Deputy Judge Daniel Fife criticized that approach — basically a presumption of guilt rather than a presumption of innocence — in awarding $8,500 damages in a small claims court lawsuit.

“I find it shocking that, in a country such as Canada, one could be presumed guilty by the police and . . . be required to disprove it in order to avoid arrest and detention,” he wrote.

Fife concluded the arrest of Jason Lamka was unlawful, as were a subsequent strip-search and his detention in a cell for seven hours before being released without charges.

Lamka, now 28, rented a room in the house, which was owned by his cousin, Joel Elliott.

Police had been investigating the street gang since a brawl at a Waterloo party five months earlier in which a teenager was almost killed.

The suspected leader of the gang — based largely on evidence from informants — was a youth related to Lamka.

Although the youth was then in custody, his belongings had been moved to the house and he was expected to live there after his release.

Concerned about the potential for violence, police applied to a justice of a peace for a “public safety” search warrant to find the gun.

The next day, tactical officers wearing balaclavas broke down the door, tossed in flash grenades as a distraction and burst in with assault rifles.

Lamka — who acknowledged in court that he has had a rough life and was then out on bail on drug and weapons charges — was ordered face-down on the floor and handcuffed.

He was arrested with a rifle pointed at his head despite the fact police had no specific evidence to suggest he had a gun or knew anything about one.

Fife noted police didn’t disclose their plan to arrest people when they sought the search warrant in an application that included several errors.

Although the warrant was valid, he said, police clearly overstepped their bounds by taking Lamka into custody because of his mere presence in the house.

Fife suggested officers could have simply done a pat-down search of Lamka and asked him to leave the house while they looked through it for four hours.

“The police no doubt face difficult circumstances every day when they must make immediate decisions and take action which could later be criticized by those of us not in the front lines,” Fife wrote in a 10-page ruling.

“However, in this case, the police made a settled decision to arrest any residents . . . when, by their own implicit admission, they did not have reasonable grounds to believe such person had committed a criminal offence.”
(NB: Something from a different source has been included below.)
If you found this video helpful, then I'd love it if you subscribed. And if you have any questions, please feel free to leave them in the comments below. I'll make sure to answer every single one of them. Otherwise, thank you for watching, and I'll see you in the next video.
It is the second time Lamka has successfully sued police.  In 2008, he was awarded $750 over his unlawful arrest for public drunkenness.

“The way it went down and having the gun pointed at my head, that was pretty traumatizing for me,” he said in an interview Tuesday.  “It’s something I’m not going to forget.

“The money helps, but it’s more about the principle to show society that there are problems within the police and how they do their investigations.  They like to assume.”

Lamka was represented by Davin Charney, a social-activist-turned-lawyer who has repeatedly challenged local police over alleged wrongdoing.

He said police concluded they were fully justified when Lamka first made a formal complaint to them over his arrest and detention.

“This decision points to that system being flawed — you know, police investigating police,” Charney said.

He said the result encourages him to pursue other lawsuits — including an outstanding $100,000 claim by Joel Elliott over the same incident — and should prompt a review of police policies.

“I don’t think this is just about the individual officers,” Charney said.  “It’s a systemic problem.”

Supt. Steve Beckett said in a statement that police will consider the decision “to determine if there is any appropriate action required on our part.”

He declined to comment on the ruling because of the outstanding lawsuit by Elliott, which was filed in Superior Court in Kitchener.